The sensing unit 22 of the sensing device 2 is capable of detecting a user's physiological information such as, for example, information relating to one or more of the user's blood pressure, pulse, voice, vibration, and temperature. The signal transmission unit 21 of the sensing device 2 receives a message from the sensing unit 22 and transmits externally the message via wireless communication. Preferably, the signal transmission unit 21 is selected from one of a WiFi communication unit, an NFC communication unit, a RFID communication unit, a Bluetooth communication unit, a Zigbee communication unit, and an infrared communication unit. The power supply unit 23 of the sensing device 2, which can be, for example, one of a lead-acid battery, a nickel-cadmium battery, a nickel-hydride battery and a lithium ion battery, is configured to supply power to all electronic components in the sensing device 2.

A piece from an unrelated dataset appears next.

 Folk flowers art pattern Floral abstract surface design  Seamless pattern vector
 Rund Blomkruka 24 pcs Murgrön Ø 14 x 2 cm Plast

The signal receiving unit 14 of the primary computing device 1 receives information transmitted by the signal transmission unit 21 of the sensing device 2. Preferably, the signal receiving unit 14 is selected from one of a WiFi communication unit, an NFC communication unit, a RFID communication unit, a Bluetooth communication unit, a Zigbee communication unit, and an infrared communication unit. The computing unit 12 of the primary computing device 1 performs the processing or computing operation on the information received by the signal receiving unit 14, stores a result of the processing or computing operation in the memory unit 13 and/or displays the result of the processing or computing operation on the display unit 11. The computing unit 12 refers generally to a logical computing device capable of executing complex computer programs, such as an integrated circuit central processing unit or a microprocessor. The computing unit 12 can have one or more cores and is preferably capable of parallel computing or synchronous multithreaded computing. The memory unit 13 includes a volatile memory and/or a nonvolatile memory and is configured to store the data of the primary computing device 1. The power supply unit 15, which can be, for example, one of a lead-acid battery, a nickel-cadmium battery, a nickel-hydride battery and a lithium ion battery, is configured to supply power to all electronic components in the primary computing device 1. Moreover, the display unit 11 of the primary computing device 1 is selected from one of a screen, a projection device, an audio device, and at least one LED lamp.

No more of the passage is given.